Тут и входит Сальери: оказывается, три дня пролетели как один и им пора.

Куда??

Слушать мессу, ты же обещал!

Он поймал-таки его в момент наивысшего истощения!

И Моцарт покорно поплелся за Сальери, как в поводу. Как на заклание.

Сальери знал, на что он его ведет, но он и не предполагал, что прослышит, прозрит Моцарт своим-то ухом!

Это были «Страсти по Матфею».

На обратном пути Вольфганг напился, не сказав Сальери ни слова. Он вспоминал, как они, беспечные и такие гениальные, с дружком Филиппом-Эммануэлем пропивали ничтожную сумму, вырученную за какой-то ветхий клавир отца Филиппа.

Вернувшись, он, не раздеваясь, плюхнулся за клавесин и стал писать, не успевая подыгрывать себе левой рукой, но и правая еле удерживала перо.

Но чернила кончились. Он силился позвать, чтоб принесли… и медленно сползал со стула на пол.

И правда, сколь ни гениальна месса Моцарта, она единственная во всем его творчестве носит отчетливый отпечаток влияния, и это влияние Баха.

Два солнца вместе не восходят над горизонтом нашей планеты!

О, если бы он знал об этом раньше! То его бы такого и не было.

Зато у нас теперь оба: и Бах, и Моцарт.

Мы молчали, выжидая, кто первый.

Вот вы в своей гипотезе утверждаете, что Моцарт ничего не ведал о старом Бахе… А как же его «Хорошо темперированный клавир»?! Ведь именно после него Моцарт обретает совсем новое развитие, вплоть до собственной великой мессы?

(Я и не знал, что она так хорошо разбирается в музыке.)

Виоло выглядел убитым.

И правда, есть такое сочинение… как же я не учел! Это рушит сюжет.

Ладно, – махнул рукой Уандей, – такой роман не под силу и доктору Манну. Фаустус нашелся…

И мы решили все-таки одобрить ненаписание им именно этого романа, за что и приняли Виоло в действительные члены Клуба.

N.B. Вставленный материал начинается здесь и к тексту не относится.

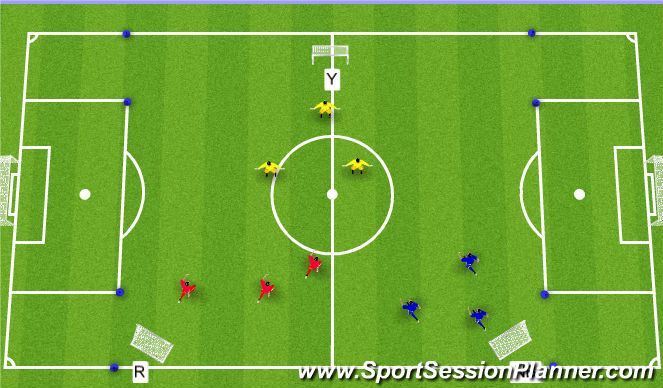 Fútbol Ejercicio del Plan de Sesiones (Color): 3 team, 3 goal game
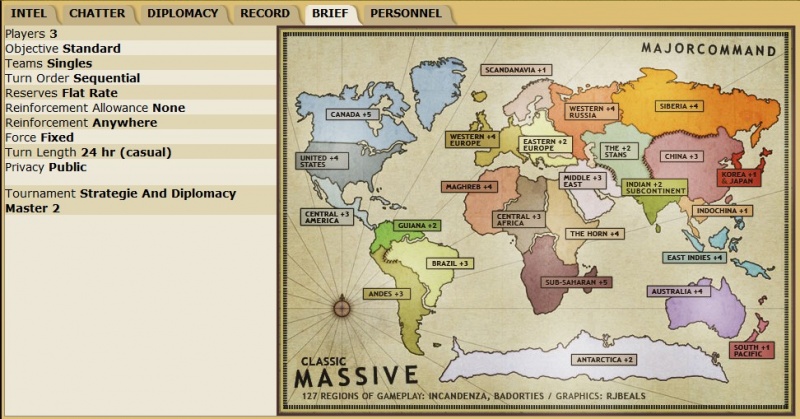 Major Command Risk Game Map Brief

Только в том случае, постановили мы, если главным героем станет посредственный Сальери, а гениальный Моцарт станет второстепенным. Дольше всего мы, как всегда, обсуждали название. «Человек, который не слышал Баха» не прошел по целому ряду причин. Во-первых, длинновато и уже опровергнуто Гердой, во-вторых, из-за Честертона[45]. В-третьих (все аплодировали этому неожиданно тонкому замечанию Барли), в названии слишком раскрывается содержание произведения. Другое название, которое Виоло тут же предложил, – «Зрячее ухо» – было решительно отклонено Гердой, и я снова поверил в ее ко мне чувства: она хорошо знала, как долго и упорно я не пишу свой роман «Говорящее ухо». В конце концов было принято решение, чтобы Виоло продолжил работу над названием.

Он выглядел окрыленным нашим решением, и мы были довольны.

Но ликовал он не по тому поводу.

Вы сами не представляете, – с горящими глазами, возбужденно обращался он к Герде, – как вы гениально выправили мой убогий замысел! Очень уж Баха забивали его дети, и Моцарт с ними, как внебрачный сынок. Но он первый из всех услышал подлинного Баха еще в темперированном клавире – и пошел дальше, как бы самого себя то нагоняя, то перегоняя… Какой садовник привил его к этому могучему стволу, всем казалось, уже мертвого дерева! Именно в мессе они полностью и независимо слились, и, как бы ни казалось трагично для Моцарта услышать впервые «Страсти», он слышал уже свою музыку, и ничью другую: он слился с нею, совпал, так и не испытав влияния своего предшественника, потому что Учитель у обоих оказался один и тот же.